Implementing custom functions using WebAssembly
You can implement custom functions using WebAssembly (WASM) and use them in any expression, just like built-in functions.
WebAssembly is a binary execution format originally designed for executing high performance code in browsers but is now emerging as a popular way for components written in different languages to interoperate.
You write your function in your chosen language and compile to a WASM module. You then create a JSON descriptor file which describes the functions that you want to expose, and then register the module with Tektite. Then you can use your function(s) in Tektite just like any built-in function.
Let's walk through an example.
Write and compile the module
Note: WASM only supports a very limited set of types for function arguments and return values - basically just ints and floats.
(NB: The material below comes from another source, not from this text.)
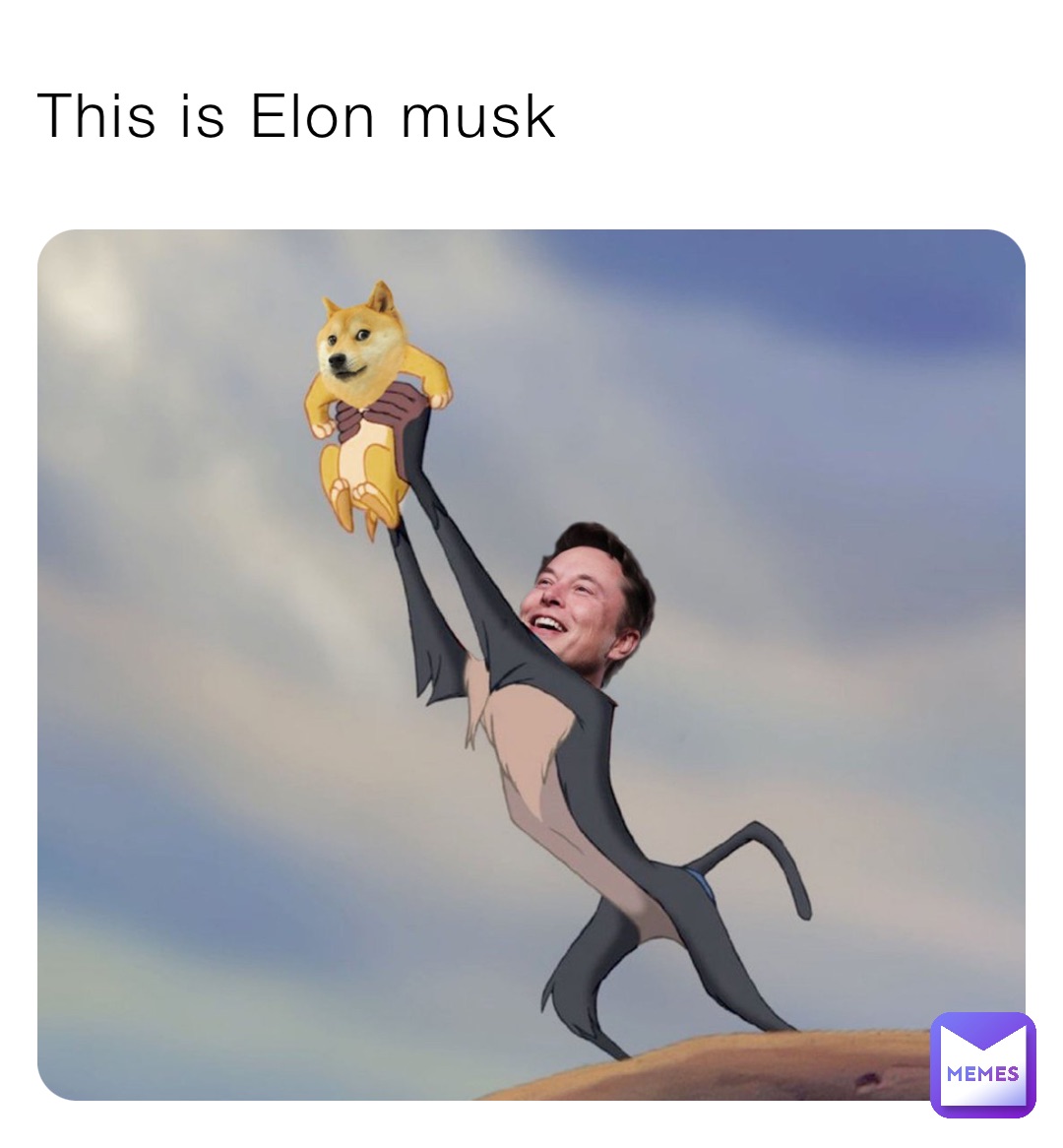 This is Elon musk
There is no direct support for more 'complex' types such as strings and byte arrays. The usual way around this is write the arguments / return values into WASM linear memory (which is accessible by both the module and the host) and encode a 'pointer' to that memory as an int which is passed to/from the function. The way this is done in practice is not standardised and depends on the particular programming language. Until a standard way to pass 'complex' types is provided in WASM (perhaps the Component Model will solve this) it's the best we can do.
Create a module in golang
For writing golang WASM modules, we recommend using TinyGo. This has the advantage of built-in support for compilation to WASM and it creates small binaries. Please follow the instructions on the TinyGo website for installing it.
Let's compile an example golang WASM module from the repository. You will need
both the files: my_mod.go
and utils.go
The former contains our WASM function, the latter contains some boilerplate utility functions used for converting WASM arguments and
return values to/from complex types such as string
and []byte
.
Our WASM function is called repeatString
- it takes a string
parameter called str
and an int
parameter called times
and returns the string, repeated times
times.
To compile it, from this directory execute:
tinygo build -o my_mod.wasm -scheduler=none -target=wasi ./
This will compile it to a WASM binary called my_mod.wasm
Create the JSON descriptor
Next, we need to create a JSON descriptor file for the module. This tells Tektite which functions from the module you want to import into Tektite, and what the Tektite data types are for their parameters and return values.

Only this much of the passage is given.